*Directions for this task*: Leaving out only the pictures, write out all the entries exactly.

*Materials provided*:

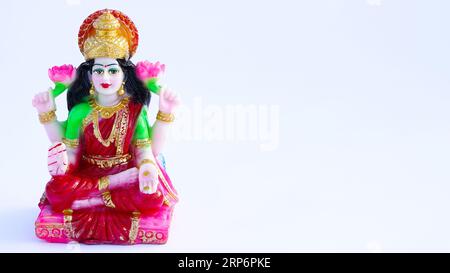 Indisches Götteridol oder Statue isoliert auf weiß. MAA laxmi mit Lord Ganesha, Adiyogi, Göttin Durga auf Löwe und Lord Krishana Statue. Stockfoto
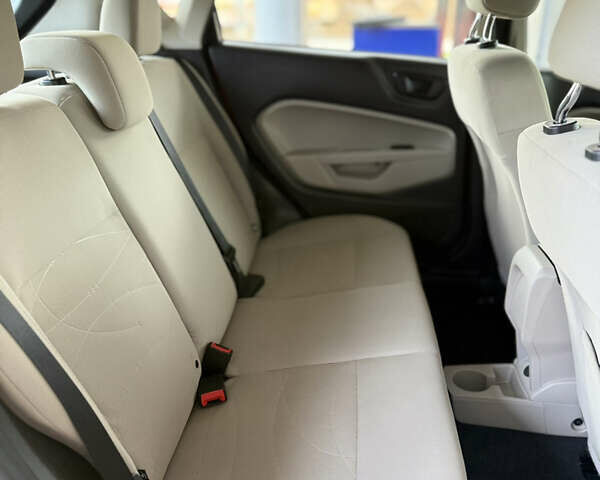 Оранжевый Форд Фиеста, объемом двигателя 1.6 л и пробегом 188 тыс. км за 8999 $, фото 8 на Automoto.ua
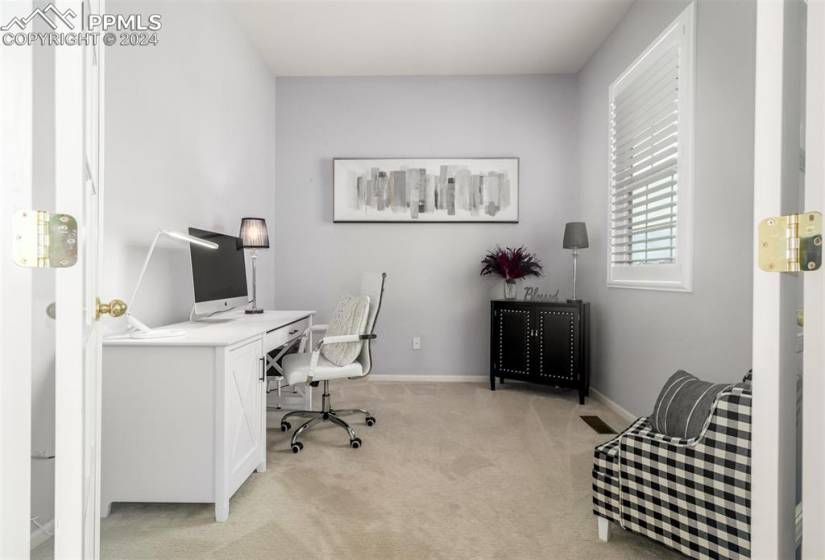 Office space - could be 3rd bedroom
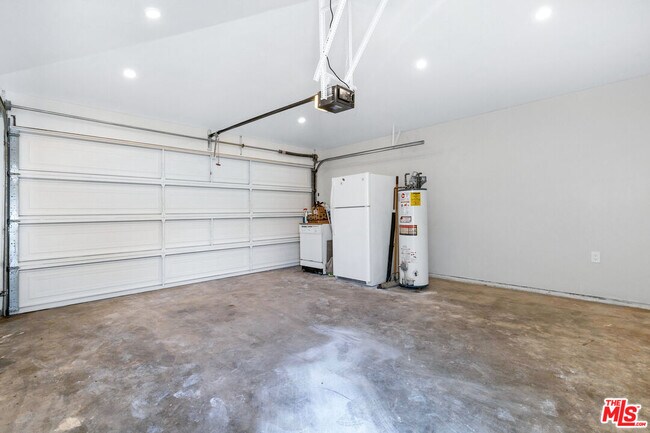 Building Photo - 3444 S Bentley Ave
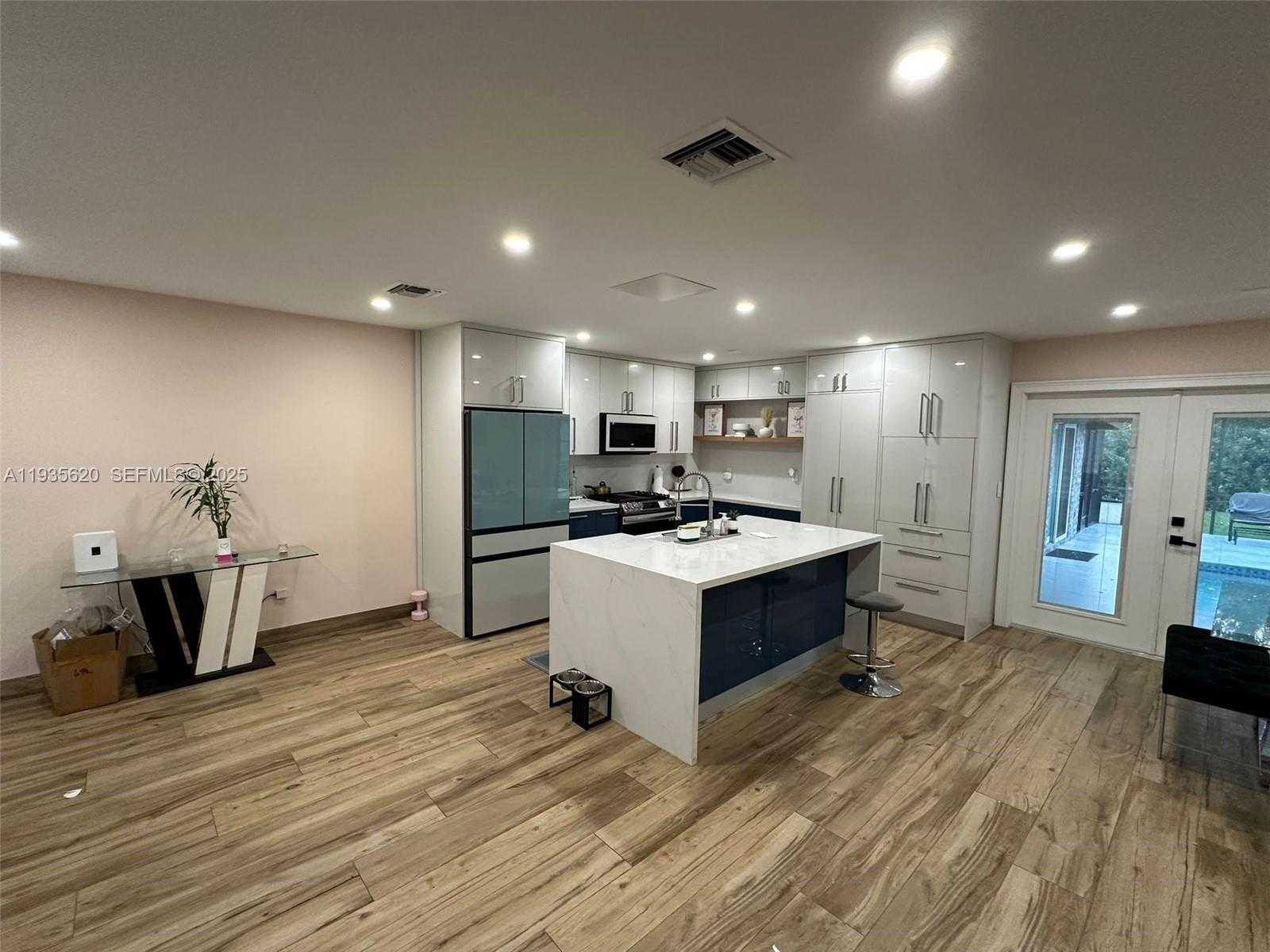 Small Image of 19741 EAGLE NEST RD, Cutler Bay Number 4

*Answer space*:
 Indisches Götteridol oder Statue isoliert auf weiß. MAA laxmi mit Lord Ganesha, Adiyogi, Göttin Durga auf Löwe und Lord Krishana Statue. Stockfoto
 Оранжевый Форд Фиеста, объемом двигателя 1.6 л и пробегом 188 тыс. км за 8999 $, фото 8 на Automoto.ua
 Office space - could be 3rd bedroom
 Building Photo - 3444 S Bentley Ave
 Small Image of 19741 EAGLE NEST RD, Cutler Bay Number 4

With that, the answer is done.